2.3 z-tests for proportions, categorical outcomes

 


2.3.1 One-sample z-test for a proportion

The prop.test( ) command performs one- and two-sample tests for proportions, and gives a confidence interval for a proportion as part of the output. For example, in the Age at Walking example, let's test the null hypothesis that 50% of infants start walking by 12 months of age. By default, R will perform a two-tailed test. The variable 'walkby12' that takes on the value of 1 for infants who walked by 1 year of age, and 0 for infants who did not start walking until after they were a year old. Using the table( ) command shows that, in this sample, 36/50=.72 of the infants walked by 1 year. The prop.test( ) procedure will perform the z-test comparing this proportion to the hypothesized value; input for the prop.test is the number of events (36), the total sample size (50), the hypothesized value of the proportion under the null (p=0.50 for a null value of 50%). Specifying 'correct=TRUE' tells R to use the small sample correction when calculating the confidence interval (a slightly different formula), and specifying 'correct=FALSE' tells R to use the usual large sample formula for the z-test for a proportion (since categorical data are not normally distributed, the usual z-statistic formula for the confidence interval for a proportion is only reliable with large samples - with at least 5 events and 5 non-events in the sample).

> table(walkby12)

walkby12

0 1

14 36

> prop.test(36,50,p=0.5,correct=FALSE)

1-sample proportions test without continuity correction

data: 36 out of 50, null probability 0.5

X-squared = 9.68, df = 1, p-value = 0.001863

alternative hypothesis: true p is not equal to 0.5

95 percent confidence interval:

0.5833488 0.8252583

sample estimates:

p

0.72

The prop.test( ) procedure can be used for several scenarios, so it's a good idea to check the labeling (1-sample proportions) to make sure we set things up correctly. 72% of infants began walking before age 12 months. The two-tailed p-value here is p=0.0018, which is less than the conventional cut-off of 0.05, and so we can conclude that the percent of infants walking before age 12 months is significantly greater than 50%. The prop.test( ) procedure also gives a confidence interval for this proportion tests a hypothesis about the proportion (see Section 2.1.2). Note that the CI here does not contain the null value of 0.50, agreeing with the p-value that the percent walking by age 12 is greater than 50%.

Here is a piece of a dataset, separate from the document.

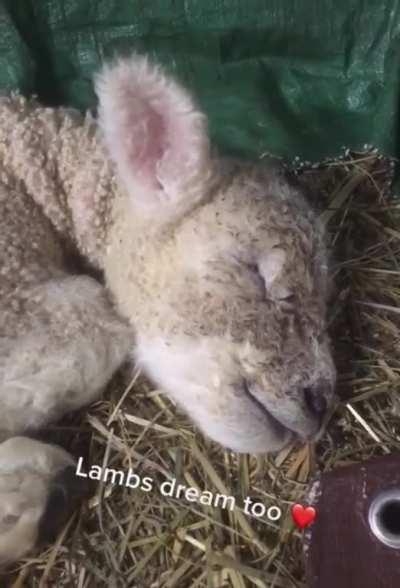 Lambs dream too (sound up)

There is also a 'binom.exact( )' function which calculates a confidence interval for a proportion using an exact formula appropriate for small sample sizes.

2.3.2 Two-sample z-test comparing two proportions

The prop.test( ) command performs a two-sample test for proportions, and gives a confidence interval for the difference in proportions as part of the output. The z-test comparing two proportions is equivalent to the chi-square test of independence, and the prop.test( ) procedure formally calculates the chi-square test. The p-value from the z-test for two proportions is equal to the p-value from the chi-square test, and the z-statistic is equal to the square root of the chi-square statistic in this situation.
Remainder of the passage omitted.